Ciao! It's a while I am trying to fix this issue locally, but seems this is harder than expected. I am trying to enable HALF_DUPLEX mode with a couple of cheap ASK/FSK 315/433 modules. After various tests seems the receiver is saturated by the transmitter, so its sensitivity is lowered, and the sync ACK can not be received correctly at far distances, SRX885 in particular has a CS pin that should be set HIGH to receive data and LOW to set the module in sleep mode. I considered possible to solve the issue making the receiver sleep while transmitting and making it awake to get the acknowledge after transmission. I tried to extend the OverSampling strategy with a setter: set_cs_pin to pass the pin, and modified the codebase to set its state where necessary:

    /* Send a string: */

    void send_string(uint8_t *string, uint8_t length) {
      if(_cs_pin != NOT_ASSIGNED)
        pullDownFast(_cs_pin);
     // If CS pin is set make receiver sleep
      for(uint8_t b = 0; b < length; b++)
        send_byte(string[b]);
    };

  uint16_t receive_byte() {
      pullDownFast(_input_pin);

      if(_output_pin != NOT_ASSIGNED && _output_pin != _input_pin)
        pullDownFast(_output_pin);
      // If CS pin is defined set it HIGH wake up the receiver
      if(_cs_pin != NOT_ASSIGNED) {
        pinModeFast(_cs_pin, OUTPUT);
        digitalWriteFast(_cs_pin, HIGH);
      }

      float value = 0.5;
      unsigned long time = micros();
      /* Update pin value until the pin stops to be HIGH or passed more time than
         BIT_SPACER duration */
      while(((uint32_t)(micros() - time) < _OS_BIT_SPACER) && digitalReadFast(_input_pin))
        value = (value * 0.999)  + (digitalReadFast(_input_pin) * 0.001);
      /* Save how much time passed */
      time = micros();
      /* If pin value is in average more than 0.5, is a 1, and if is more than
         ACCEPTANCE (a minimum HIGH duration) and what is coming after is a LOW bit
         probably a byte is coming so try to receive it. */
      if(value > 0.5) {
        value = 0.5;
        while((uint32_t)(micros() - time) < _OS_BIT_WIDTH)
          value = (value * 0.999)  + (digitalReadFast(_input_pin) * 0.001);
        if(value < 0.5) return read_byte();
      }
      return FAIL;
    };

But I have the same negative results also sending more than one ACK.
Is there someone with some experience with those modules or with a good SDR ready to help :) ?

[gioblu]

Here some pictures from oscilloscope:

The signal shown is the device 1 rx pin reading
You can see on left the packet transmitted by device 2 correctly received. Immediately after the packet it is seen the synchronous acknowledge transmitted by device 1, that is heard back by its own receiver.

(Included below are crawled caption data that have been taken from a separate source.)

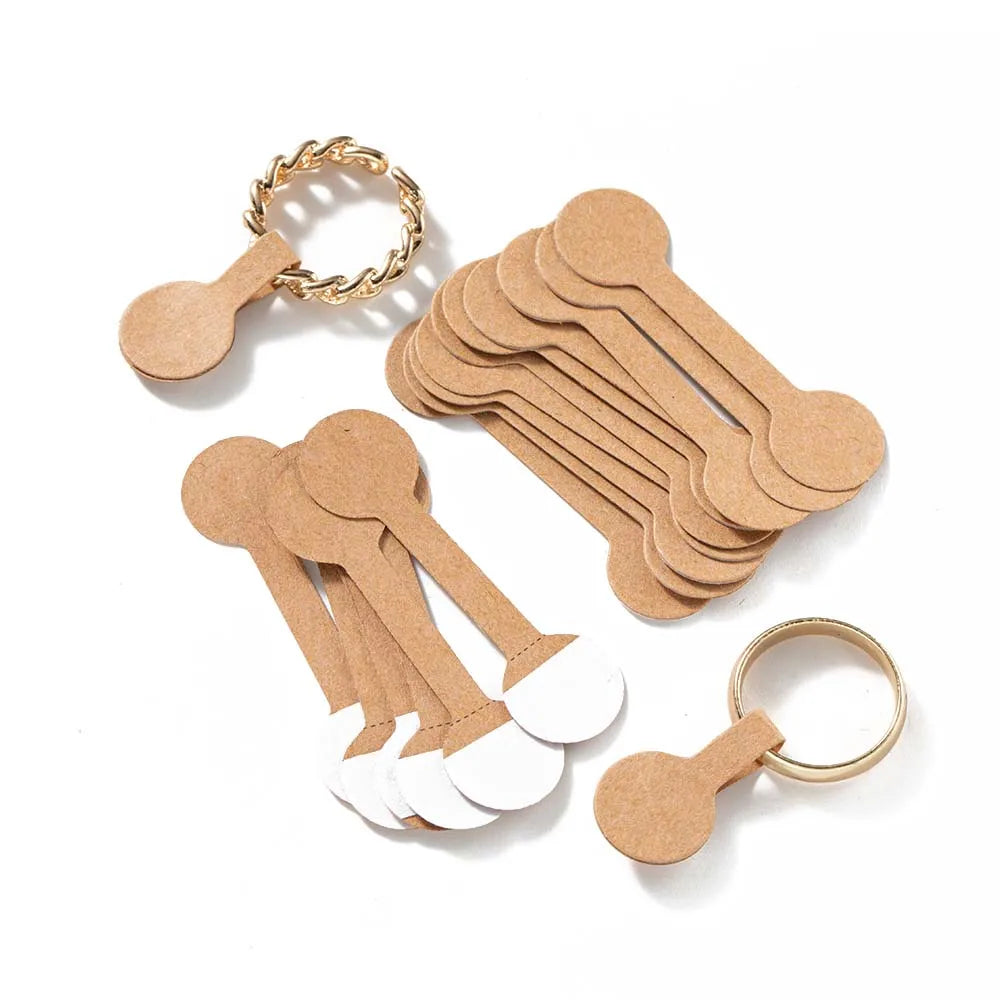 100/200pcs Rectangle Blank Jewelry Price Tag Self Adhesive Barbell Sticker Card Necklace Earring Display Repair Label Packaging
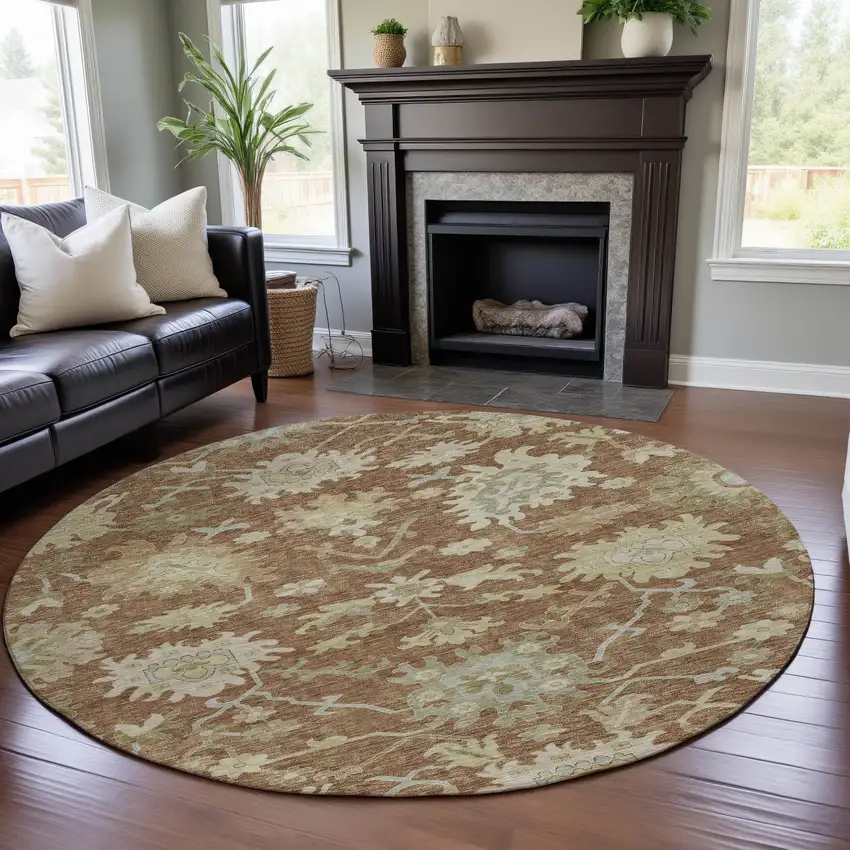 8' Rust Ivory And Beige Floral Medallion Washable Round Rug With UV Protection Photo 4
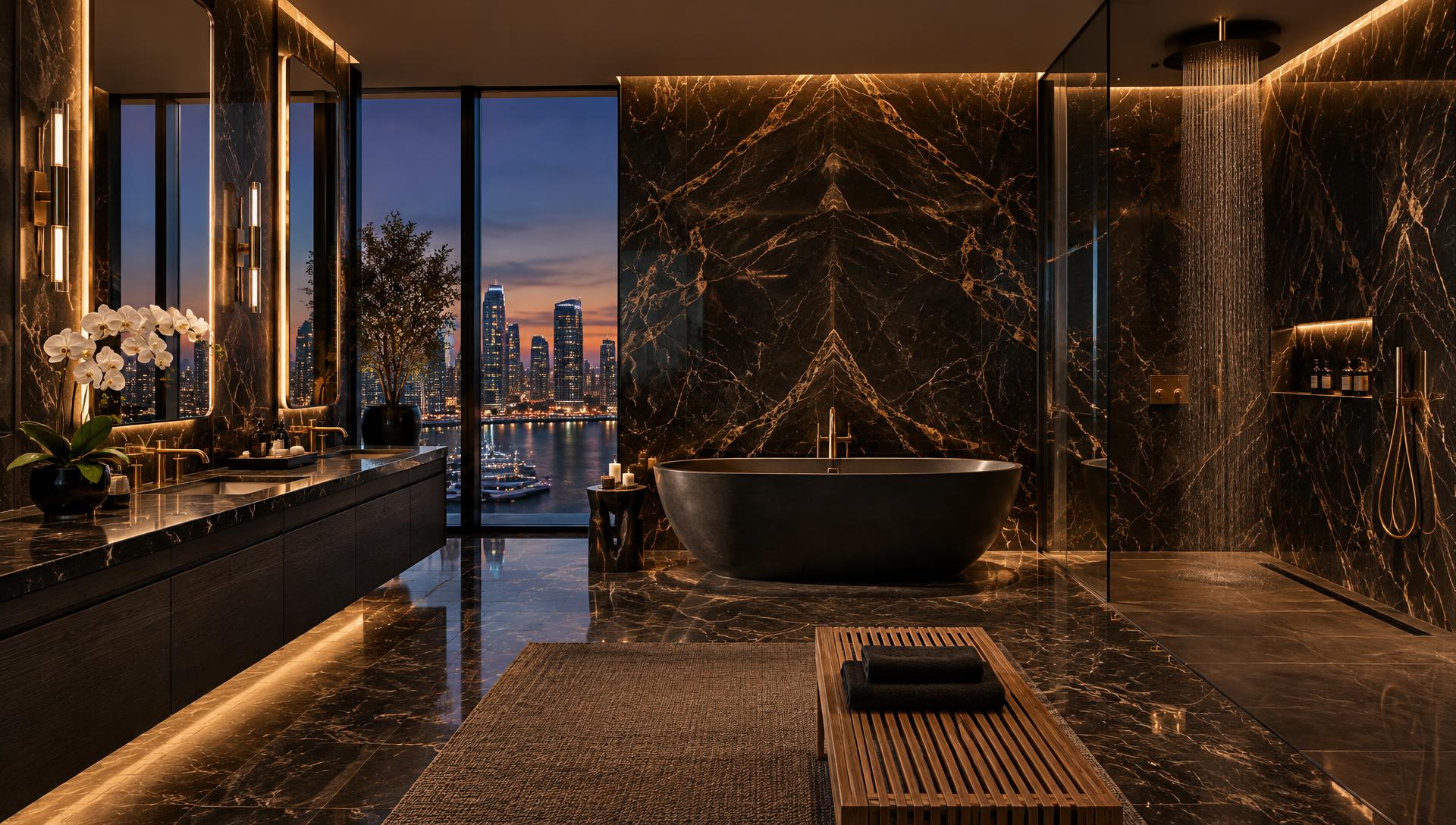 Spa bathroom with freestanding tub and water view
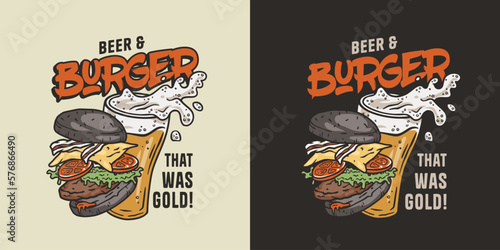 Beer mug and burger with meat, cheese and vegetable for logo, poster or menu. American fast food or USA food with bun, lettuce, cheese, tomato, onion, cutlet for store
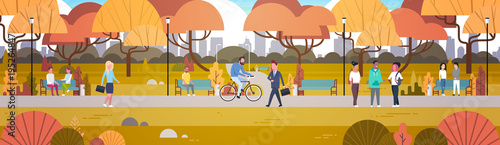 Outdoor Park Activities  People Relaxing In Nature Walking Riding Bicycle And Communicating Horizontal Banner Flat Vector Illustration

What is seems happening is that the transmitter of device 1 is saturating or blinding its receiver sensitivity because of its antenna vicinity. After this it occurs always 80 milliseconds of total silence and no background noise and an unwanted high bit followed by noise and channel back to stable state.

It seems that an ack or a packet it is much more difficult to be received if arrives in the 80 milliseconds timeframe following a transmission of the local device transmitter (blinding its own receiver).

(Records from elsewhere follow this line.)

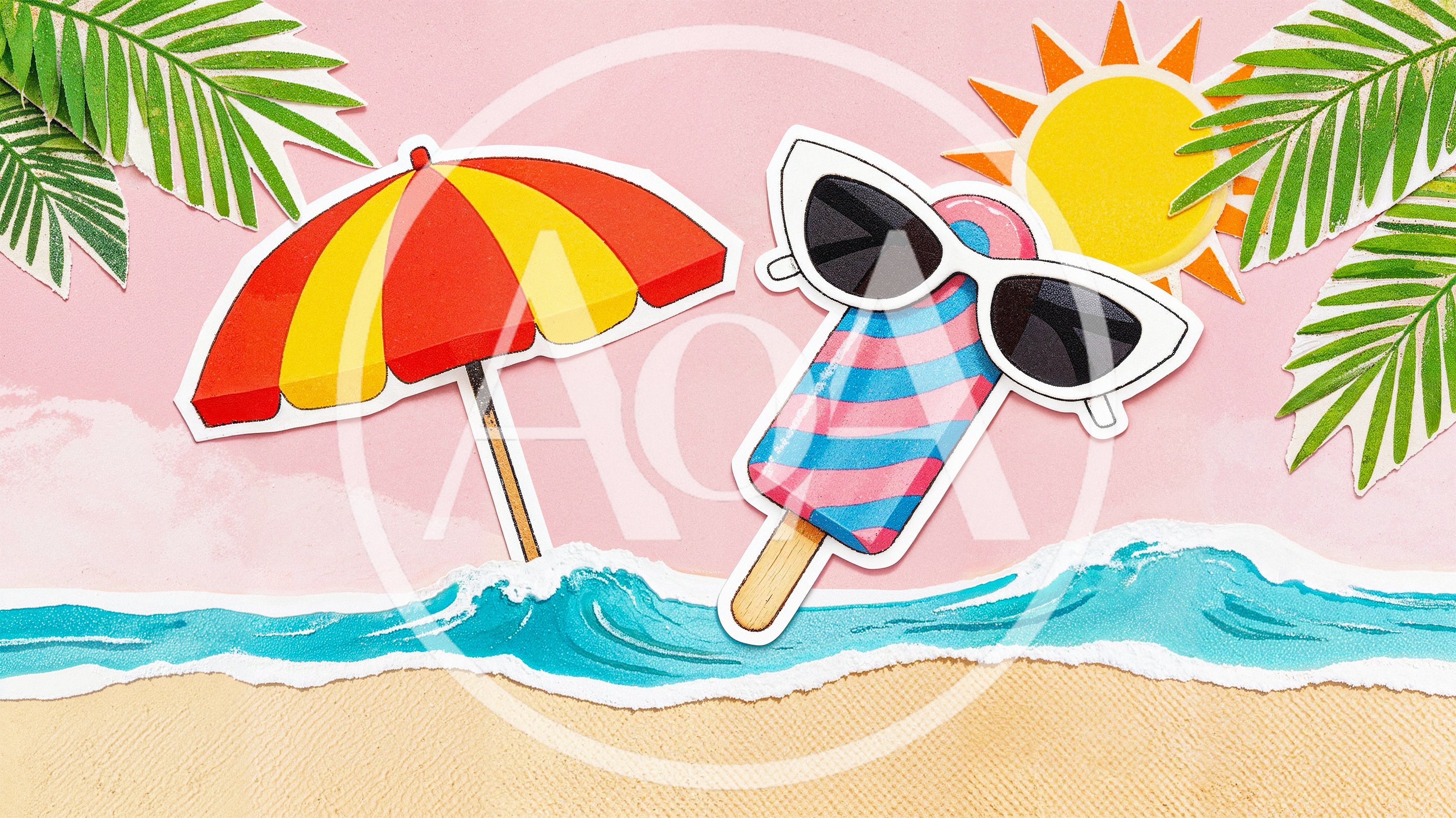Summer Beach Collage With Popsicle And Umbrella
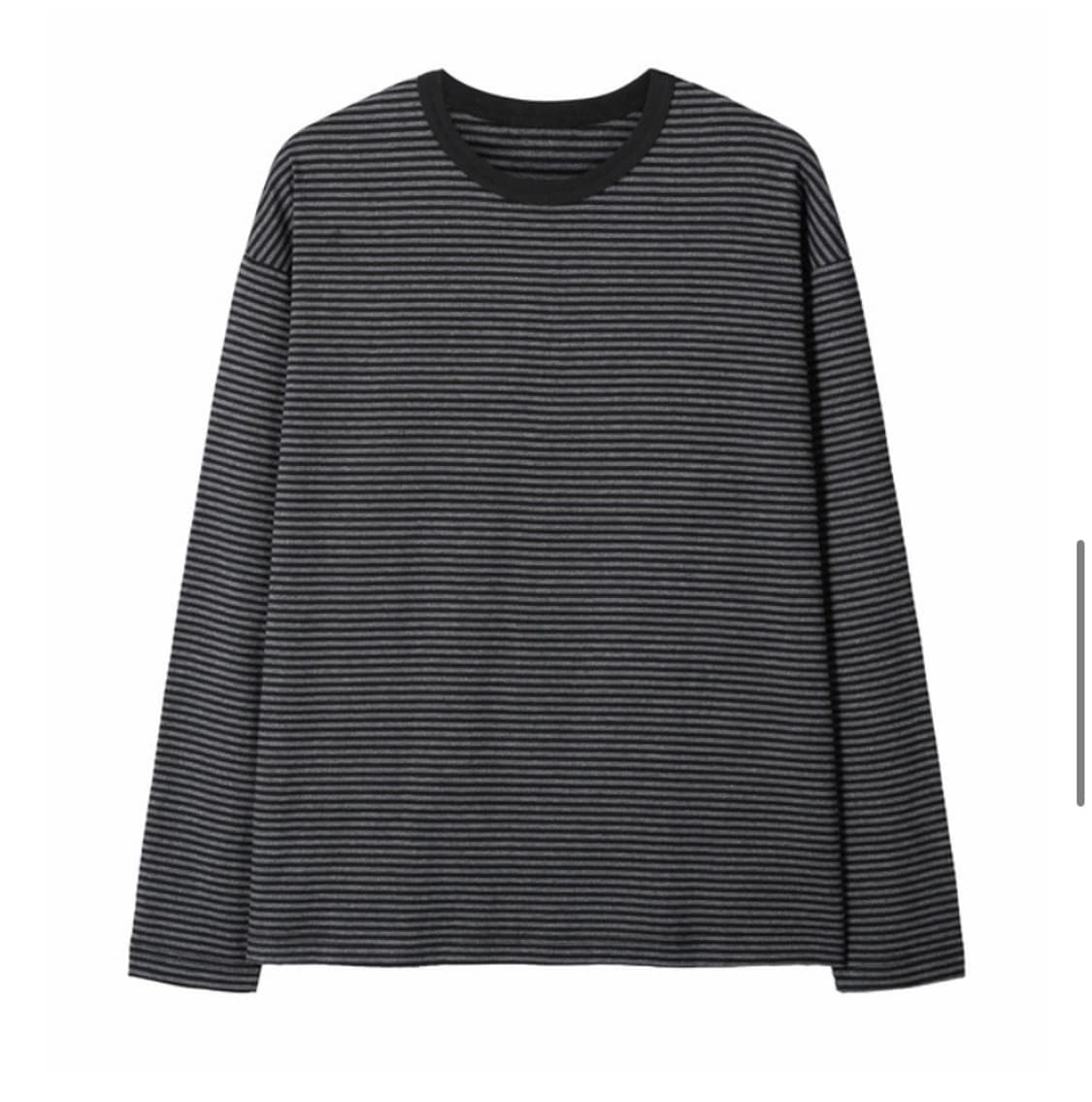 로기 스트라이프 롱 슬리브 차콜,브라운 M 상품이미지1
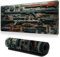 Cool Military Weapon Build Weapon Parts Display Large Gaming Mouse Pad, Stylish Desk Protector with Non-Slip Rubber, Computer Office Supplies Accessories for Table Decor (D#,11.81 * 31.49 Inch)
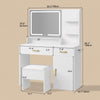 DWVO Vanity Desk, Makeup Vanity Table with LED Mirror, Power Outlets, Storage Drawers & Cabinet, Shelves, and Cushioned Stool, White Dressing Room Vanity Set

What it seems occurring, is that the receiver's chip is highering the gain, getting only 0s, until passing the background noise threshold (the unwanted bit). After this process reception can occur properly.

So I am working adding the necessary delay to avoid the repection loss in this timeframe.
The picture below shows a packet transmitted by device 2, that transitioning to ackwnoledge reception, waits for 100 milliseconds, and then tries to receive it (so enough after the unwanted bit interference) and on the other side, device 1 delays for 100 milliseconds before transmitting ack to let device 2 to reach back a proper gain.

Initial tests implementing this mechanism seems to prove the hypotesis exposed above:

• Hugely extended range
• Few duplicated transmissions

[gioblu]

Issue finally fixed:

This is a picture of an HALF_DUPLEX packet exchange, with the use of the asynchronous acknowledgment.

There is a reduction in bandwidth because SRX882 needs around 100 milliseconds to set back its gain after transmission if used in HALF_DUPLEX mode, but maximum range seems with initial tests the same obtained in SIMPLEX so 250 meters in urban environment with no line of sight or around 5 kilometers in line of sight.